Monday, September 13, 2010

The ice melts

Image courtesy of Earth Sciences and Image Analysis Laboratory, NASA Johnson Space Center. ISS015-E-7109

This is too gorgeous for words, so I won't waste many. The image here was taken in early May of 2007 and shows Yellowstone Lake in the mid-to-late stages of its spring thaw. Some of these cracks are enormous - the lake is about 20 miles from the tip of the Southeast Arm (bottom center), where the Yellowstone River enters, to the outlet at Fishing Bridge (center top). And as you can judge from the color, it's really more slush than ice. The lake may have been frozen three feet deep in January and the water never does warm up, even in a hot August, so the thaw is a protracted process.

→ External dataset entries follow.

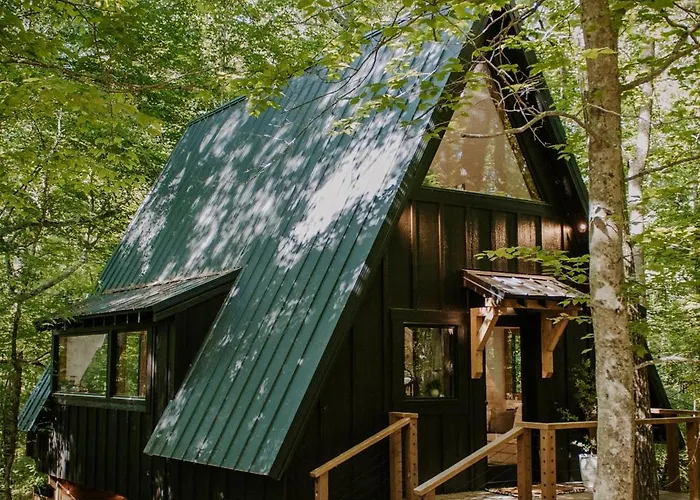 Wilewood A-Frame, Romantic Treehouse Getaway, Hot Tub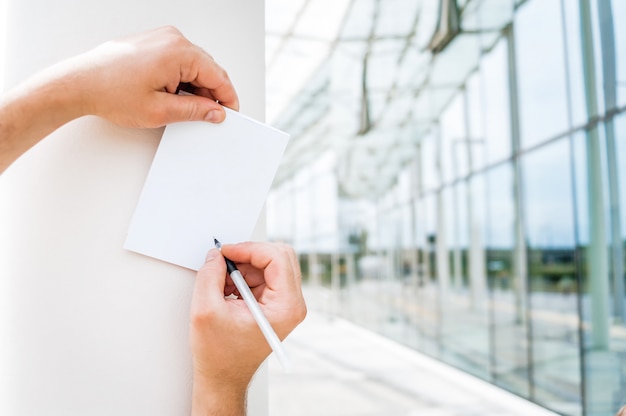 Notizbuch in der Hand eines Mannes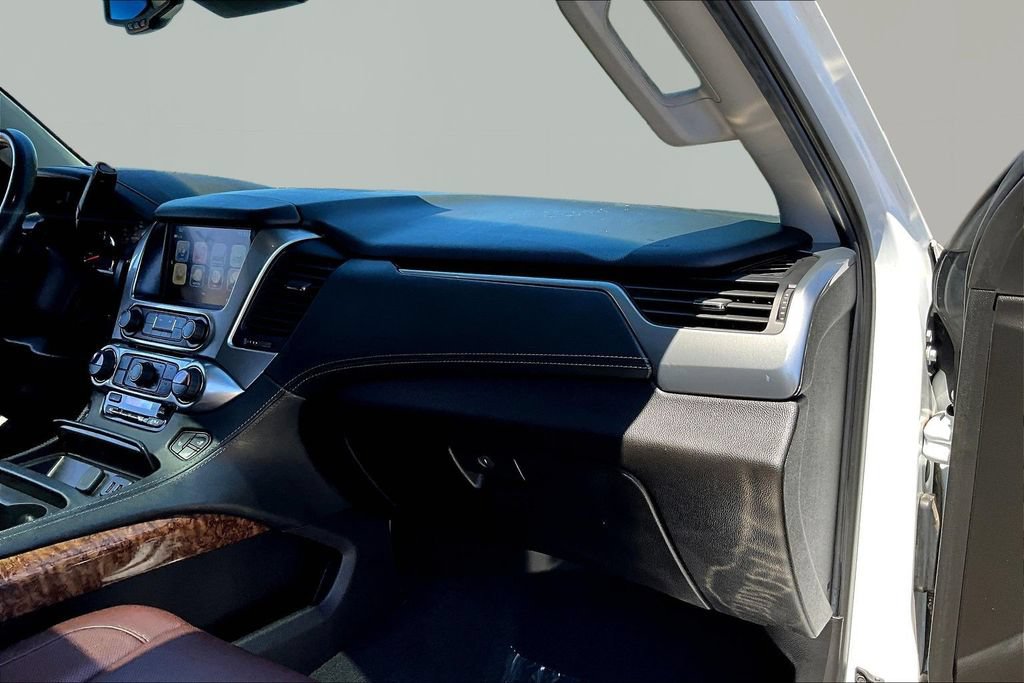 Used 2019 Chevrolet Tahoe Premier w/ Premier Plus Edition RWD image 29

Here's a view just one week earlier, on the last day of April:


Cranberry Necklace said...

In the second image in the very center of the lake is a dark spot. I took it to be an island, but the first image has a much larger spot in the same location. It must be an area of open water that gets larger as the thaw progresses. But it is unusual for a lake to thaw from the center, isn't it? Is there perhaps a hot spot under that part of the lake? There is another spot just a bit to the southwest which seems similar, though it is next to the shore. Knowing of Yellowstone's volcanism, and that lakes often form in craters, I wonder if those two spots are known volcanic vents.

Scott Hanley said...

No, that dark spot is Frank Island. You can see it in this map here. It's heavily forested and there must have been no snow in the trees at the time of the photo, but that's true of most of the shoreline, too, so I'm not sure why it's that much darker.

I was really surprised at the darker "shadow" on the east side of Frank, Dot, and Stevenson Island. It also exists along the western shore (especially Plover Point below the Flat Mountain Arm), but not on the eastern shore. It looks like the slushy ice is being blown eastward and piling up on the east side of the lake.